The financial year 20011-12 has been a successful year in terms of tax collections in Nepal . The revenue growth was over 22 percent, which exceeded the target by over Rs 2 billion. Such success is rare for Nepal. However, there is no room for complacency. In Nepal, just over eight hundred thousand taxpayers are registered into the tax bracket from a population of over 28 million. The tax –GDP ratio is about 13 percent, even lower than the Low Income Countries (LIC) average, which stands at over 15 percent .
A tax compliance cost survey conducted by IFC has revealed compliance costs are unnaturally high in Nepal. In the Doing Business Report of the IFC , Nepal ranks 107th among 180 countries studied in the report. Studies from the Asian Development Bank (ADB) and the World Bank have suggested that about 38 percent of Nepal’s economy is being run through the informal sector. Moreover, due to the meager domestic revenue, the government’s dependence on foreign aid - which is not a sustainable or predictable source - is very high. Hence, initiating tax reforms is of utmost importance.
Though some reforms have been carried out in the past decade and a half –the implementation of Value Added Tax (VAT), restructuring of tax administration with the application of functional structure and writing a new Income Tax act– they remain insufficient. N. Gregory Mankiw, professor of economics at Harvard University, has summarized the principles of tax reform into four broad categories, which are concise and widely agreed upon. They include, broadening the base lowering the rate (BBLR), taxing consumption rather than income, taxing bads rather than goods, and KISS – Keep it Simple, Stupid.
The BBLR simply means widening the tax base to bring all potential payers within the tax net. Tax deductions and exemptions should be either zero or at a minimal level. Such a rule broadens the tax coverage and the tax incidence is distributed among a larger segment of the population.

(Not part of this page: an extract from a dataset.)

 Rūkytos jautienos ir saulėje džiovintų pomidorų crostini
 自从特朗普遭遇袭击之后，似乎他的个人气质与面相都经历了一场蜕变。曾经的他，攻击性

This yields a higher collection despite maintaining low tax rates.
When the base is narrow, the existing taxpayers will be charged higher rates to meet government targets and the growing expenditure needs. This will discourage tax compliance and may even force taxpayers to enter the informal sectors. Any tax reform should start from this point and aim at reversing this situation.
Likewise, the second category - taxing consumption rather than income - is based on a simple principle of ‘pay taxes as you spend money’. Higher the consumption, higher the tax. The popularity of Value Added Tax (VAT) worldwide can be linked to this principle. Even the USA, which earns a handsome revenue from income tax, is preparing for VAT. A consumption-based tax is popular because any tax on the income hurts not just the income earners but also economic growth because there will be no incentive for people to save and invest. An economy cannot thrive without a robust level of saving and investment.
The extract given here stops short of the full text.